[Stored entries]
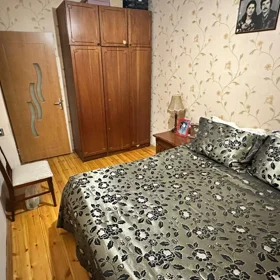 In Sabunçu rayonu 250.0 m² house with 6.0 rooms is for sale - Image 10
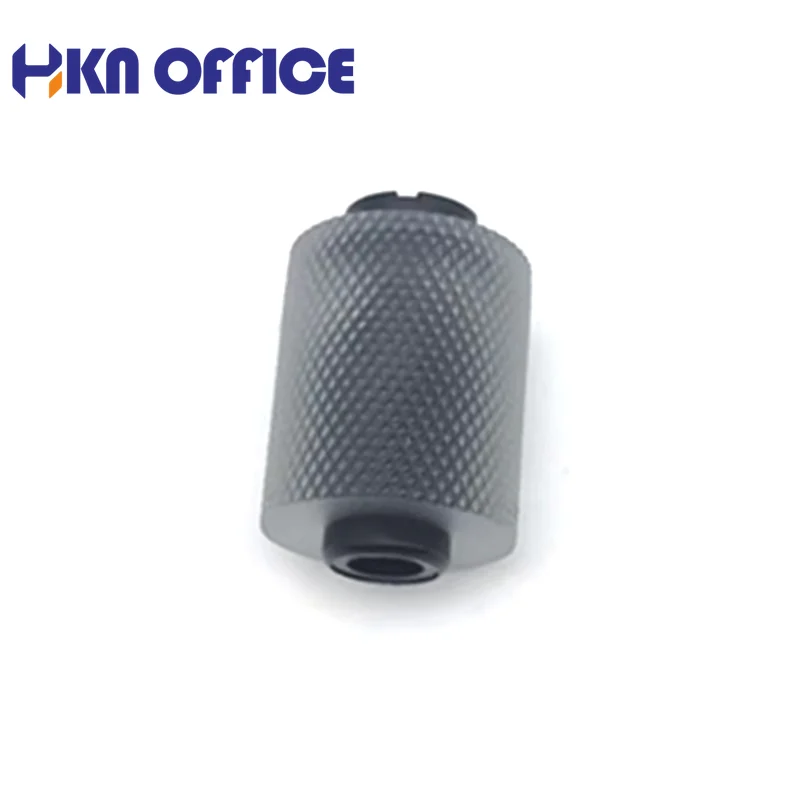 Пикап A00J563600 для Konica Minolta C253 C353 C220 C280 C360 C451 C650 C452 C552 C652 363 223 283 423 652
Пикап A00J563600 для Konica Minolta C253 C353 C220 C280 C360 C451 C650 C452 C552 C652 363 223 283 423 652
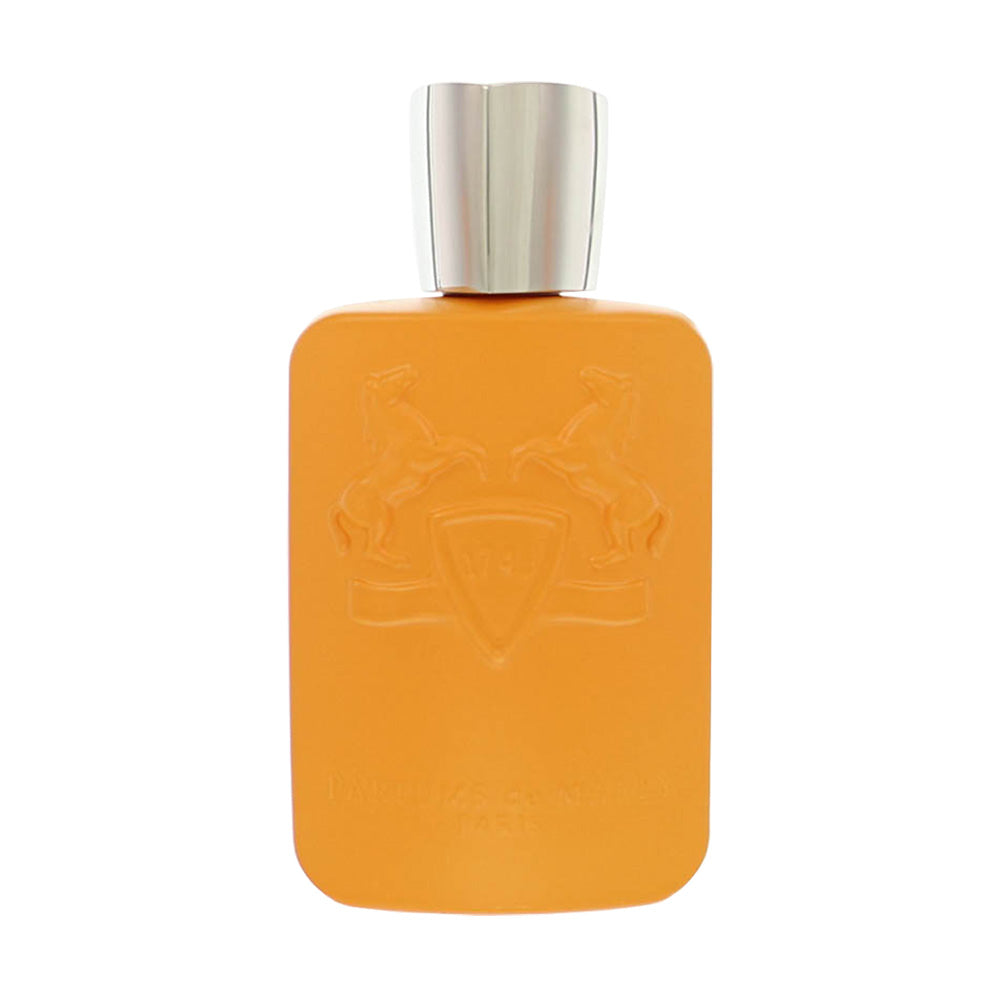 Perseus by Parfums De Marly 4.2 oz Eau De Parfum Spray for Men - Perfumes4All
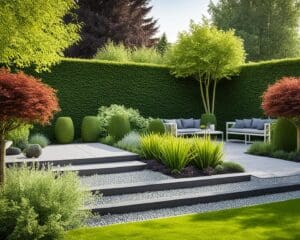 Gartenofen: Welches Modell passt zu Ihrem Garten?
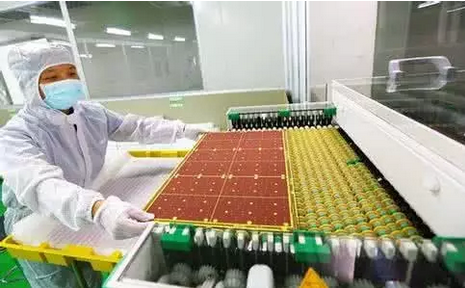 PCB产业链Q2点评与Q3展望：景气度来临，下半年展望乐观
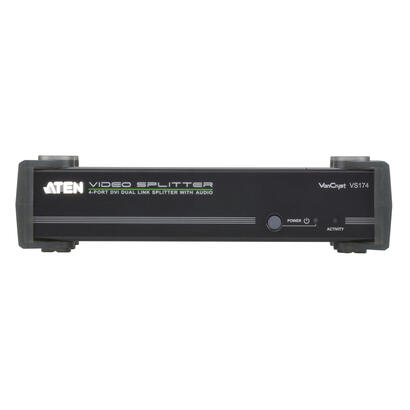 aten-vs174-divisor-de-video-dvi-dvi-splitter-negro-dvi-2560-x-1600-pixeles-negro-53-v-56-w-0-50-c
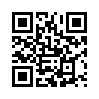 QR kód na túto stránku poi.oma.sk w68559260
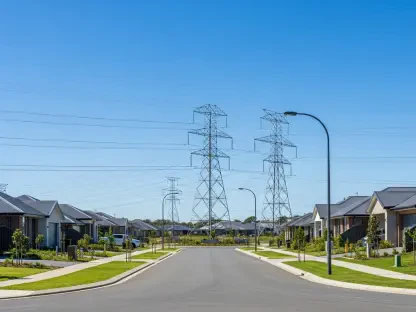 Why Is Wyee Driving Lake Macquarie’s Real Estate Boom?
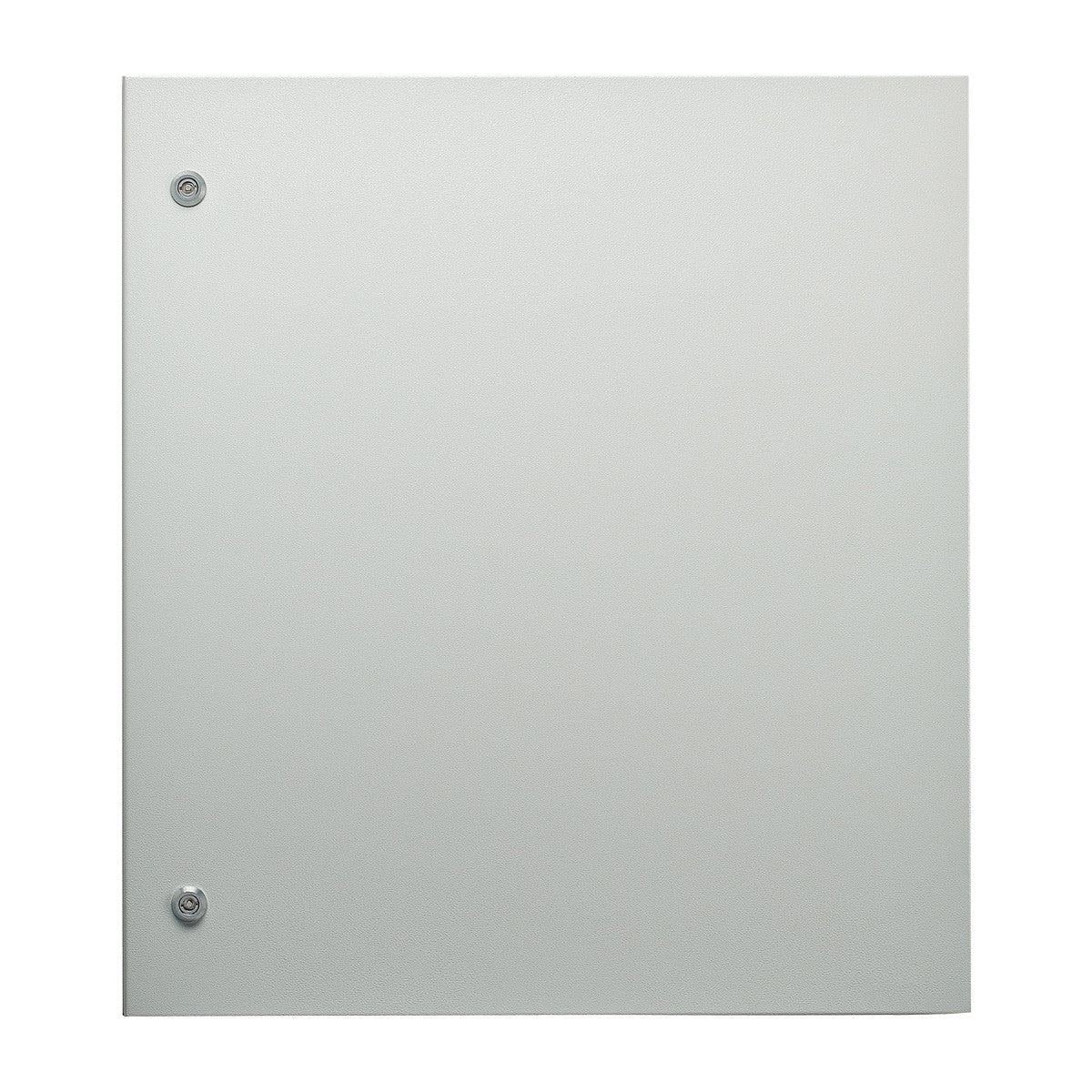IP-A808040 - image 3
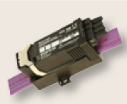 Installationstechnik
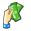 Homebanking
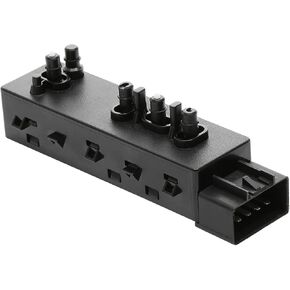 Genuine GM Switch Part# - 25974714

THE TASK = Pictures stay out of this copy. Retype exactly the lines from the one with "Why Is Wyee" through the last line of the data, both ends included, and nothing more.

SOLVED EXERCISE =
 Why Is Wyee Driving Lake Macquarie’s Real Estate Boom?
IP-A808040 - image 3
 Installationstechnik
 Homebanking
 Genuine GM Switch Part# - 25974714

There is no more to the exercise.